Joe Swanberg’s ‘All the Light in the Sky’ is quietly cosmic

Jane Adams plays a middle aged actress not unlike herself in Joe Swanberg's Jane Adams plays a middle aged actress not unlike herself in Joe Swanberg’s “All the Light in the Sky.”
Credit: Factory 25

‘All the Light in the Sky’
Director: Joe Swanberg
Stars: Jane Adams, Sophia Takal
Rating: R
3 (out of 5) Globes

The many, many films of actual independent filmmaker Joe Swanberg (“Hannah Takes the Stairs,” “Nights and Weekends”) can blend together, feeling slight and lacking in meat. He’s an observational filmmaker but sometimes, as in his alleged “sell-out” indie “Drinking Buddies,” what he’s observing isn’t of particular interest. It can be easy to overlook when he does something fairly major, as in the case of “All the Light in the Sky.”

Typically Swanberg focuses on the young, but here he takes on Jane Adams, playing a variation on herself: a middle-aged actress just keeping on. Adams is a familiar face who typically plays comically awkward (“Happiness”) or comically sexpottish (“The Anniversary Party,” “Orange County”). Here she’s serious albeit open and naturally funny — her alleged real self. Swanberg (with a co-writing assist from Adams) looks in on a brief period in her life. Her beloved, twentysomething niece (Sophia Takal) is visiting her in her tiny, literally beachside Malibu apartment. The intrusion of an outside element — plus the sudden affections of a younger man (Kent Osborne) — threaten to change her life.
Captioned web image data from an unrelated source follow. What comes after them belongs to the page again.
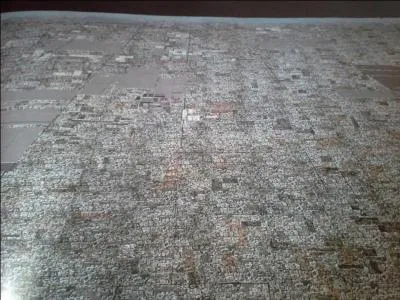 Les prises de vue en haute altitude de l'étoile noire nécessitèrent beaucoup de détails. Afin de gagner du temps dans la construction de la maquette de l'étoile, on décida alors de couvrir sa surface...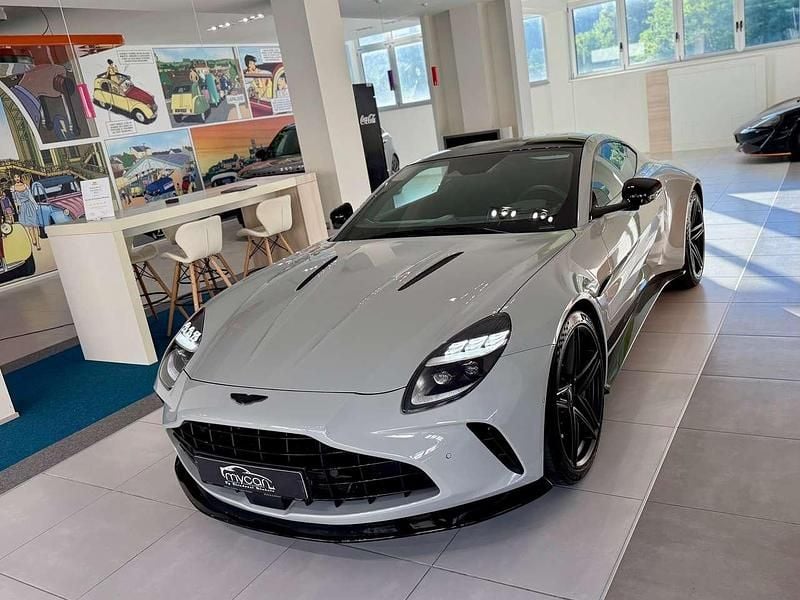 Usata Aston Martin V8 Vantage 665 CV (489 kW) 2024 Apex grey Coupé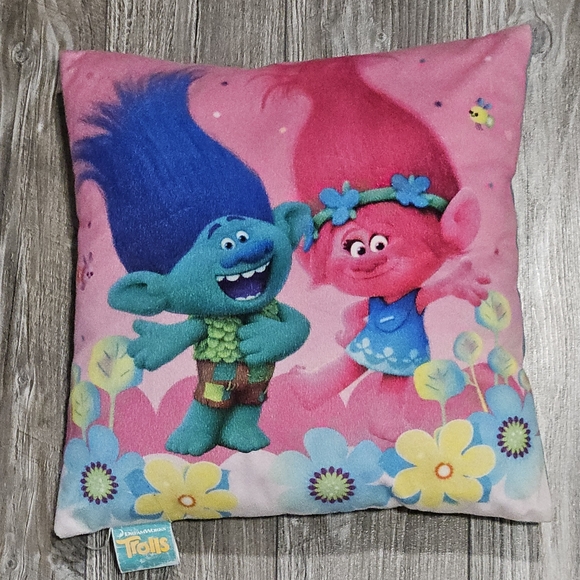 Dreamworks Other - Dreamworks Trolls Poppy And Branch Cushion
But is it an out she will take?

Much of the film simply spies (with, atypically for Swanberg, camera on tripod, or at least held still) on Adams as she goes about her life, mildly flustered and alone but used to it. (More typically for Swanberg, there’s a fair amount of non-casually “casual” nudity.) Adams is magnetic enough that her every movement carries real weight. But the real shock is the effectiveness of scenes where she talks to a solar engineer in preparation for an upcoming role. He goes on about global warming and about how the sun is in its middle age and working its way towards a slow death.

Traditionally, this would be the time to complain about how these scenes spell out the theme — only here it actually really does shape what is otherwise a circular narrative. This is one of those films in which no one learns anything, because that’s how life really works. But the science talk actually makes it deeper — into a rumination on acceptance of one’s insignificant spot in the grand scheme of things, and an acceptance of aging, disappointments and ingrained personality defects that won’t go away. Adams’ character has come to be okay with being lonely, being shy, having a decent but not spectacular career. Without any apparent sweat, “All the Light in the Sky” is pretty cosmic.